Pickle portability little 🡒 big endian #21237

sgundura · 2021-10-04T15:26:46Z

Describe the bug

We are trying to load some of the AI models that are dumped in a little endian machine using joblib, on AIX which runs on power architecture which is big endian. Most of them worked, but there are 2 models which we found are giving errors. We tried to load it on a ubuntu linux that runs on power(big endian), and got the same error. We even tried building the latest nighly build of sklearn module, and still got this error.

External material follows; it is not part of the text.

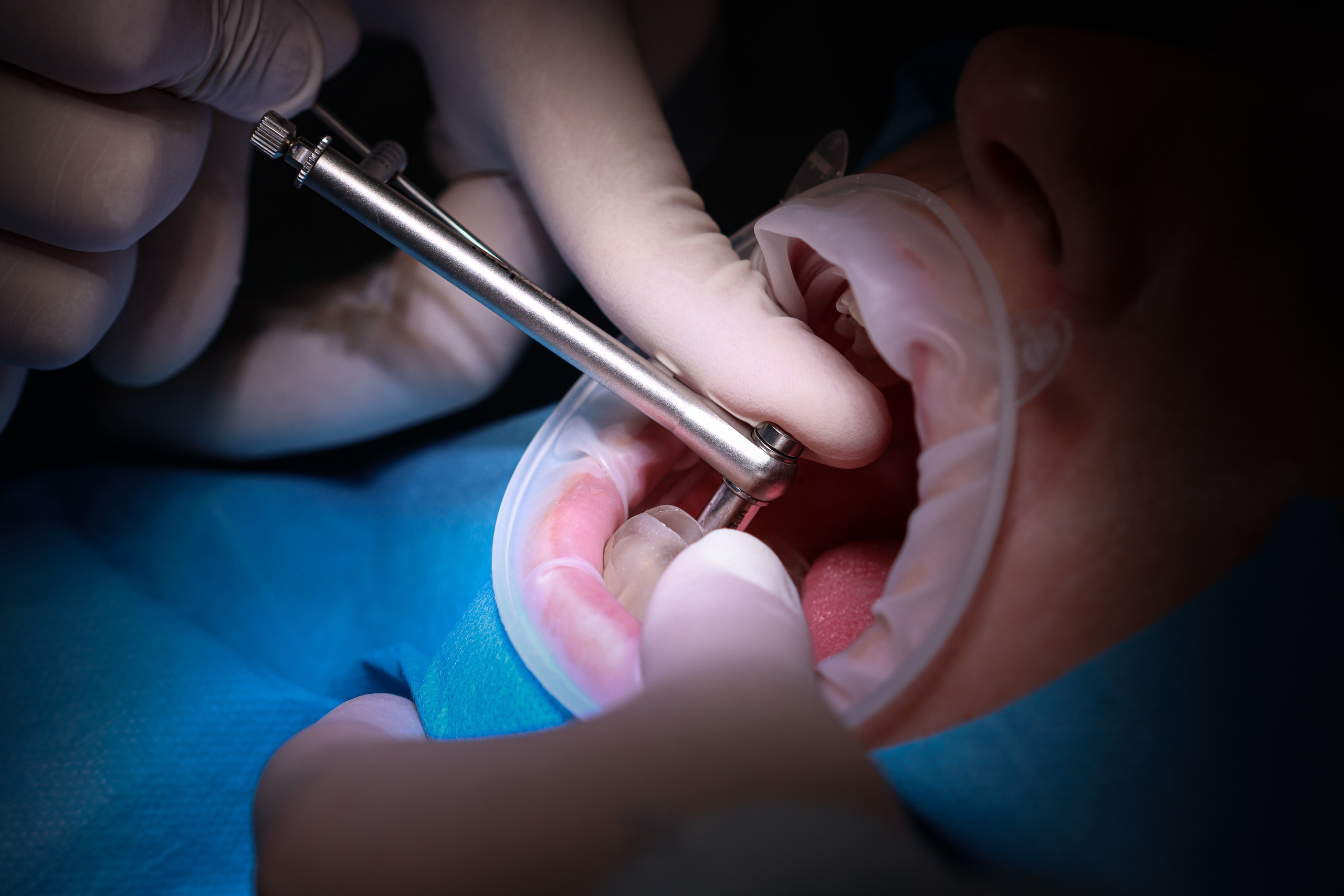 Colab Passionate Clinic. Fotograf & Videograf de Eveniment din Iași Ph.Vladimir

Attaching the programs we used to dump and load.
The two models that didn't work are:

KNearestNeighbor
RandomForest

Steps/Code to Reproduce

KNearestNeighbor_Dump.py(to be run on little endian machine):

import joblib

# Load dataset
from sklearn.datasets import load_iris
from sklearn.model_selection import train_test_split
from sklearn.neighbors import KNeighborsClassifier as KNN

iris = load_iris()

X = iris.data
y = iris.target

# Split dataset into train and test
X_train, X_test, y_train, y_test = train_test_split(X, y, test_size=0.3, random_state=2018)

knn = KNN(n_neighbors=3)

# train model
knn.fit(X_train, y_train)
result = knn.predict(X_test)
print(result)

dump_file = "./KNearestNeighbor.joblib"
tuple_pickle = (knn, X_test, result)
with open(dump_file, 'wb') as file_dump:
    joblib.dump(tuple_pickle, file_dump)

KNearestNeighbor_Load.py(to be run on Big Endian machine after copying KNearestNeighbor.joblib file generated from above program):

import joblib
from sklearn.neighbors import KNeighborsClassifier as KNN

dump_file = "./KNearestNeighbor.joblib"
with open(dump_file, 'rb') as file_reader:
    trained_model, testing_data, original_prediction = joblib.load(file_reader)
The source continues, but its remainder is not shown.